Bewildering Stories

The Critics’ Corner

Michael J A Tyzuk writes about...

Danielle L. Parker’s “The Thief of Joy and Light

Another issue of Bewildering Stories has hit the stands, so to speak, and with it comes another opportunity for me to make myself especially popular by tearing apart the work of others. So, you ask, who is the designated victim this week, Yon Scotsman? Why, none other than my own Partner in Crime, one Danielle L. Parker.

I always find myself attracted to longer works of fiction because, quite frankly, shorter stories intimidate the hell out of me. This is probably because I’m simply incapable of writing anything good that’s less than 25,000 words or so, and as a result I tend to regard people who can produce good work in such a short framework to be nothing less than living gods.

unfortunately for me, I seem to be alone in this handicap. Danielle certainly doesn’t have it. Long or short fiction, Danielle has a definite style and flavor to what she writes. She is equally comfortable with the well known purple prose of the pulp fiction style, as well as the less richly flavored, more intrinsically simple style that seems to have evolved in its place. Its a comfort that I envy, for even on paper I can only be who and what I is.

“The Thief of Joy and Light” is a continuation of Danielle’s Captain Blunt series. For those of you who haven’t been paying attention, Captain James Sherman Blunt, Master of The Pig’s Eye, is an independent space-farer, and the kind of fellow that you do not want to mess with. Basically he travels from world to world, meeting impossible creatures and having implausible adventures, while at the same time managing to come out the other side more or less intact.

Personally, I rather like the Captain Blunt character. Why? Simple: I figure it takes some serious intestinal fortitude to pilot a ship called The Pig’s Eye.

“The Thief of Joy and Light” chronicles the story of Captain Blunt’s first face-to-face contact with a race of snake-like creatures called Asps. A very high ranking member of the Asp social hierarchy wants the good Captain to perform a very special mission for him. If he succeeds, he gets a rather large sum of money. If he fails, or if he tries to run, then there isn’t any place in the galaxy where he can hope to hide.

Personally, I think that the biggest compliment I can pay to this story is that it’s just plain fun to read. That’s something that a lot of writers seem to take for granted these days.
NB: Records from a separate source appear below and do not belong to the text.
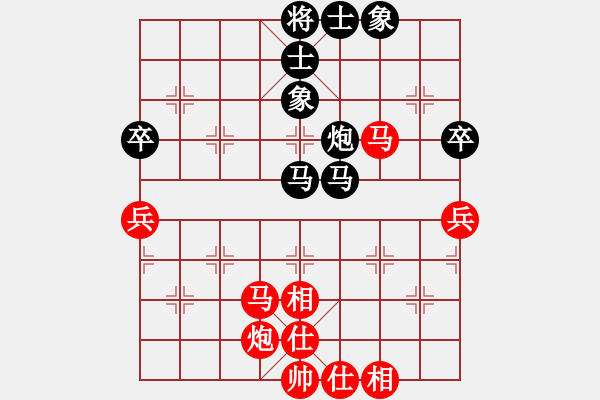 象棋棋谱图片：魏辰书(9段)-和-厦门第二刀(月将) - 步数：90 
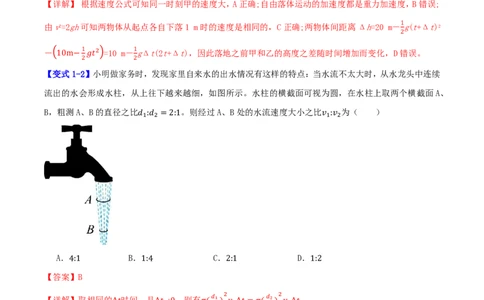 第03讲自由落体运动与竖直上抛运动+多过程问题(解析版)_2026高考物理_222026版物理《高考一轮复习举一反三》全国版_第03讲自由落体运动与竖直上抛运动+多过程问题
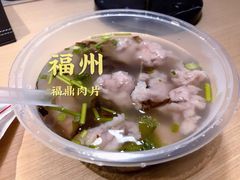 福鼎肉片-煎意浓·吴记煎包(交通路店)
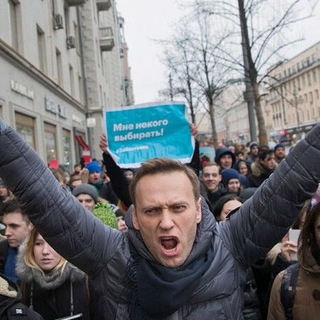 Telegram profile photo for Россия Новости | МИТИНГИ
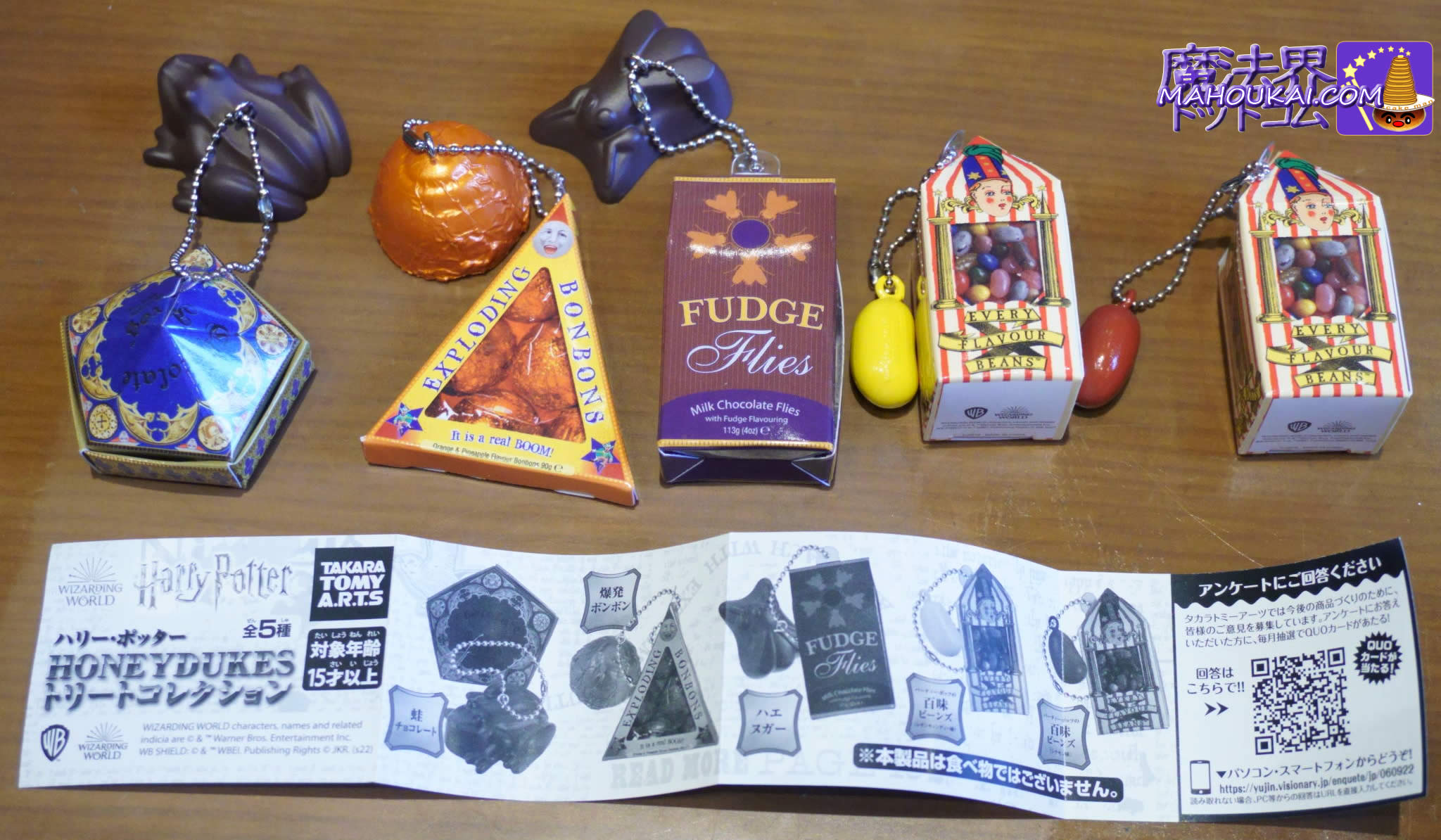 タカラトミーアーツのガチャ『ハニーデュークス お菓子コレクション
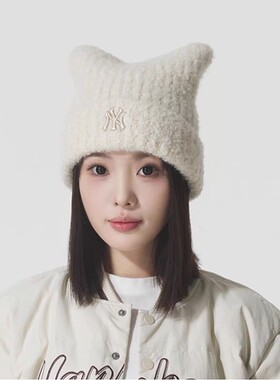 韩国MLB柳智敏同款猫耳朵毛线帽冬季针织加厚保暖帽子3ABNB1156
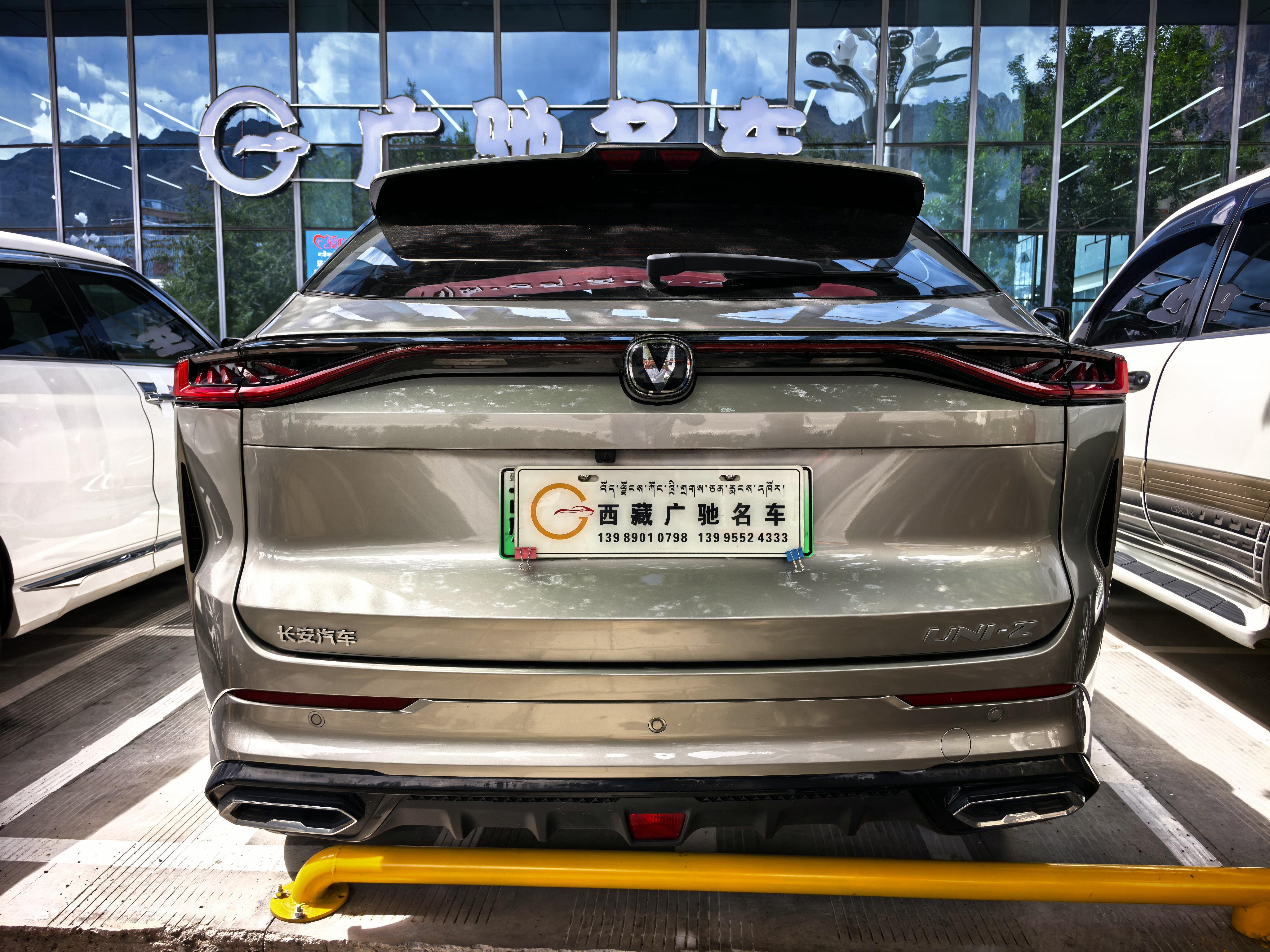 Changan UNI-Z 2024 thumb 12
So many people in our profession are so obsessed with trying to write that next bestseller, or the next great work of literary art that they forget that the best kind of writing is the fun kind. Its a lesson that I’ve tried very hard to keep in my mind, and I know that Danielle has gone out of her way to do the same thing.

The Captain Blunt stories are just plain fun to read. That’s all there is to it. Escapism, pure and simple. And inasmuch as I think that some elements of the story can benefit from being expanded upon, I also think that to do so would be to possibly compromise the fun factor. With that in mind, I say don’t change a damn thing. You’ll wreck the whole thing if you do.

That’s not to say that “The Thief of Joy and Light” is perfect, because it isn’t. In that, Danielle isn’t alone. None of my stories are perfect, not by any stretch of the imagination. Come to think of it, I can’t think of anyone in the Bewildering camp who does write perfect fiction right off the hop. That’s okay, though. Perfection is overrated. Besides which, it just isn’t any fun.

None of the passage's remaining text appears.